Thursday, March 01, 2012

The Bright Lights of Hollywood

Q: How many actors does it take to screw in a light bulb?
A: 100: One to do it and ninety-nine to say "I could've done that."

Q: How many grips does it take to screw in a light bulb?
A: Two: One to hold it, one to hammer it in.

Q: How many grips does it take to screw in a light bulb?
A: That's electric's job.

Q: How many Union Lighting Technicians does it take to screw in a light bulb?
A: It's not a bulb, it's a globe.

Q: How many Directors does it take to screw in a light bulb?
A: Just one... but how do you get him in there with the cute blonde?

Q: How many Directors does it take to screw in a light bulb?
A: Just one more, guys, I promise.

Q: How many Cinematographers does it take to screw in a light bulb?
A: Just one, if he's got a good crew to do it.

Q: How many Cinematographers does it take to screw in a light bulb?
A: One. No, two. No... How many do we have on the truck?

Q: How many Superstar Actors does it take to screw in a light bulb?
A: One: They just hold it and the whole world revolves around them.
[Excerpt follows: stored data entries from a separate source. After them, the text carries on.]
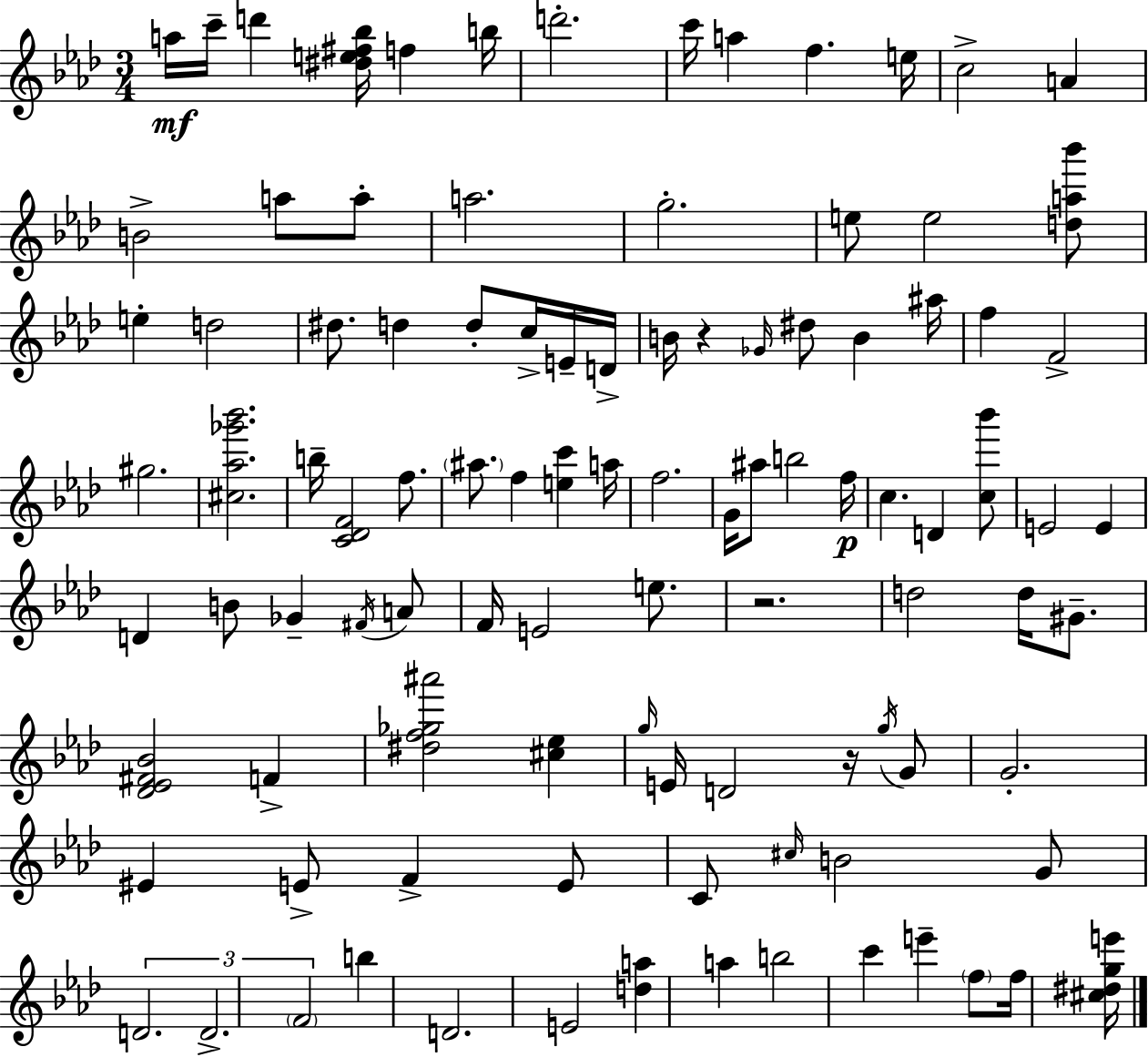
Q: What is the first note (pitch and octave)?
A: A5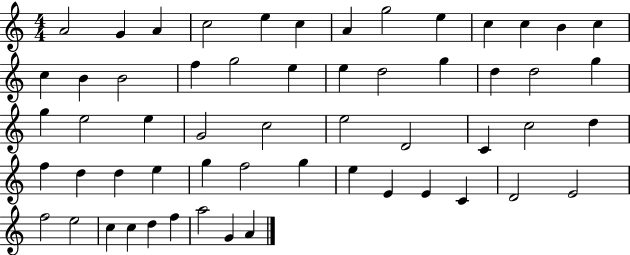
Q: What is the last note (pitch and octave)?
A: A4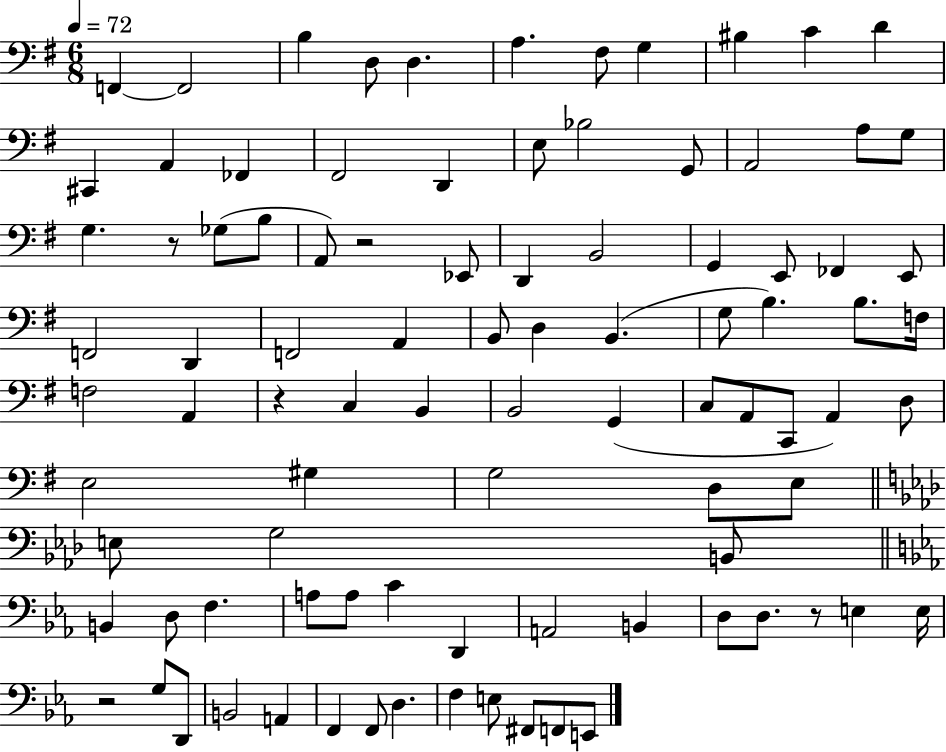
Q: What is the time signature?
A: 6/8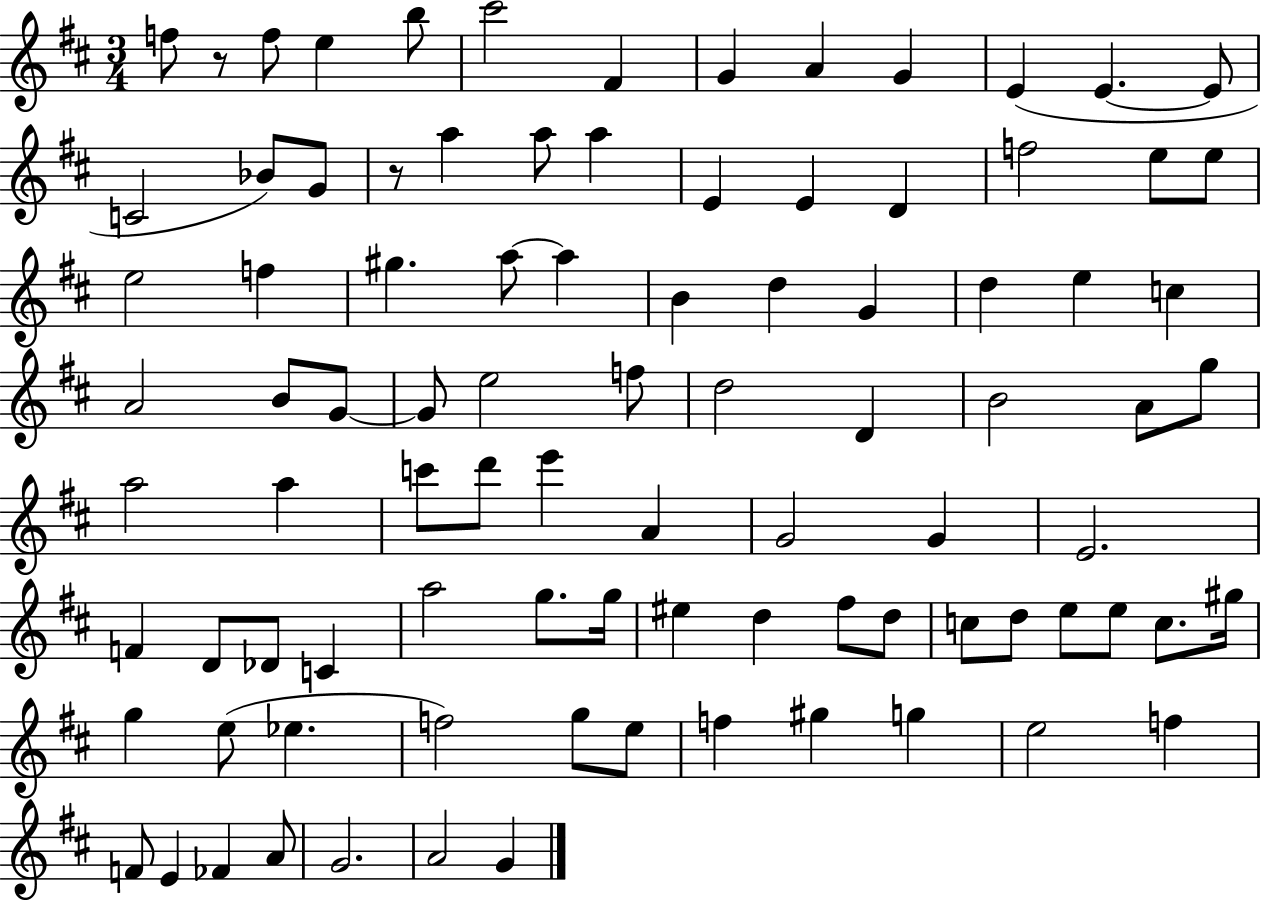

Q: How many art directors does it take to screw in a light bulb?
A: Does it have to be a light bulb? I've got this neat candle holder...

Q: How many editors does it take to change a light bulb?
A: If we change the light bulb, we'll have to change everything!

Q: How many Stuntmen does it take to screw in a light bulb?
A: Five. One to screw it in and four to tell him how bitchin' he looked doing it.

Q: How many Camera Assistants does it take to screw in a light bulb?
A: Five: One to do it and four to tell you how they did it on the last job.

Q: How many Wardrobe people does it take to screw in a light bulb?
A: "Nobody said I needed doubles on that!"

Q: How many Production Assistants does it take to screw in a light bulb?
A: Nine. One to do it and eight others to wish they'd been asked.

Q: How many Production Assistants does it take to screw in a light bulb?
A: What's a light bulb?

Q: How many over eager Production Assistants does it take to screw in a li...
A: Done!
(Note: When telling this out loud to someone the joke is to wait for them to start asking "How ma...?" then cut 'em off with "Done!"

Q: How many Executive Producers does it take to screw in a light bulb?
A: Executive Producers don't screw in a light bulb, they screw in a hot tub.

Q: How many Agents does it take to screw in a light bulb?
A: Actually, agents will screw in just about anything.

Q: How many Studio Executives does it take to screw in a light bulb?
A: We don't know. Light bulbs last longer than studio executives.

Q: How many Development Executives does it take to screw in a light bulb?
A: Well, first let's talk about the concept behind this whole "light bulb" thing.

Q: How many Development Executives does it take to screw in a light bulb?
A: Two. One to take notes while the other screws it into the faucet.

Q: How many Screenwriters does it take to screw in a light bulb?
A: The bulbs IN and it's staying IN!

Q: How many Sound Recordists does it take to screw in a light bulb?
A: WHAT?

Q: How many 1st Assistant Directors does it take to screw in a light bulb?
A: Why the f--k are you asking me that question? Can't you see I'm busy!

Q: How many 2nd Assistant Directors does it take to screw in a light bulb?
A: Uh...standby, I'll check on that.